Additional monitoring includes:
- Rate limiting on all endpoint categories to prevent abuse
- Security headers (Content-Security-Policy, X-Frame-Options, X-Content-Type-Options, Referrer-Policy, Permissions-Policy)
- CSP violation reporting and logging
Layer 6: Encryption at Rest
| Data | Encryption |
|---|---|
| Server-side integration credentials | AES-256-GCM with versioned key format |
| Agent local database | AES-256 encrypted (SQLCipher) |
| Device credentials and tokens | OS-native secure storage (macOS Keychain, Windows Credential Manager, Linux Secret Service) |
Encryption keys are managed through environment-scoped secrets with support for key rotation.

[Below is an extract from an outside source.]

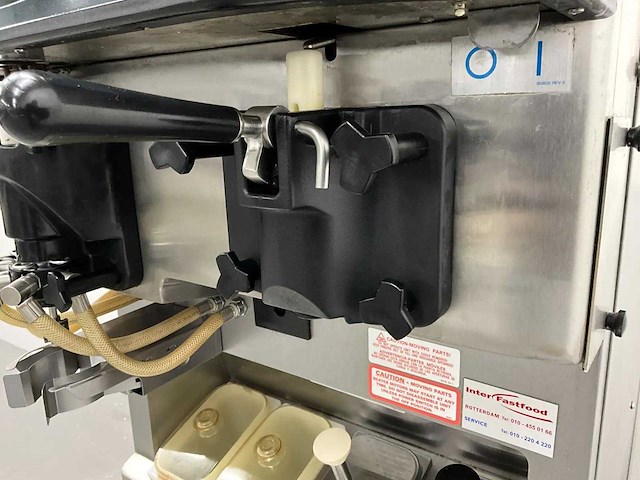 Taylor - c606-58 - softijs- en milkshakemachine - afbeelding 3 van  17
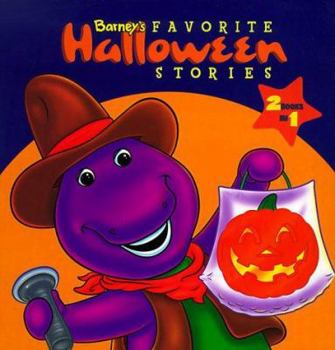 Hardcover Barney's Favorite Halloween Stories Book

Input Validation & Rate Limiting
All inputs are validated before processing:
- Request payload size limits enforced (1 MB for telemetry, 256 KB general)
- Content-type verification on all requests
- Endpoint-specific rate limiting to prevent abuse
Requests exceeding rate limits receive a standard 429 Too Many Requests response.
For Security Reviewers
F7 is built in Rust — a memory-safe language that eliminates buffer overflows, use-after-free, null pointer dereference, and data race vulnerabilities at compile time. The security benefits are not just policy — they're enforced by the compiler.